After she kicked my dad out, my mom really took control of the house. My sister and I could always stay there. We just couldn't use the stove. Or the microwave. Or the toaster oven, the washer, the dryer, or the garage door. Basically anything with moving parts. Personally I think it was her way of kicking us out and keeping us from moving back in. This way, she could spend her days undisturbed and in her bedroom, surrounded by People magazines, throwing back Tostino's pizza rolls, and watching Montel with the ferocity of a heroin addict.

Anyway, because Mom had no idea how to fix stuff and was too stubborn to ask my dad to come over to help, most of the appliances we were forbidden to use eventually broke down. Yet she had a hard time facing this fact.

The kicker came when the sewage line broke and Mom's, ahem, collective fecal output began erupting into the backyard. Fortunately I was gone by then. But when I came back, saw it, and tried to inform her, she refused to acknowledge it.

"Look," I said, having dragged her down to the back porch. "It's spewing shit."

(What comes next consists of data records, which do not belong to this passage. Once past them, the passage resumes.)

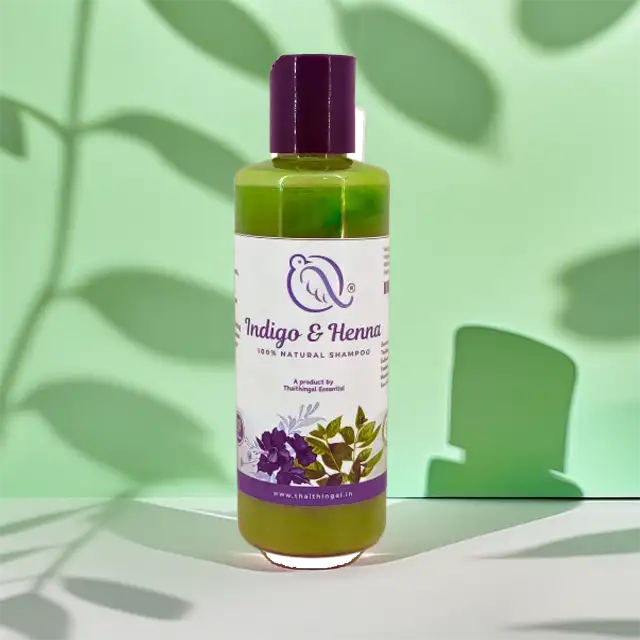 Indigo / Henna - 100% Natural Shampoo - image 2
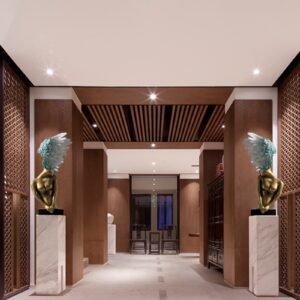 nữ thần lông vũ(LDB305)lingdecor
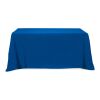 Flat Poly/Cotton 4-sided Table Cover - fits 6' standard table not available | No Imprint | not available | not available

Below us, little burps came from a pond of smooth, greenish-chocolate mud. Sprinkled on its surface, like coconut flakes, were tiny bits of toilet paper. A cloud of bugs circled and landed, as if we were watching the world's tiniest, busiest airport.

"No it's not," Mom said. "I don't see anything."

She turned back toward the house, shaking her head and pointing at me.

"You're seeing things," she added, holding up the bottom of her bathrobe as she climbed the top stair. "I think you need to lay off the sauce."

From the corner of her mouth I caught the edge of a sly grin. Then Mom quickly shut the back door, as if I wouldn't be able to hear her laugh.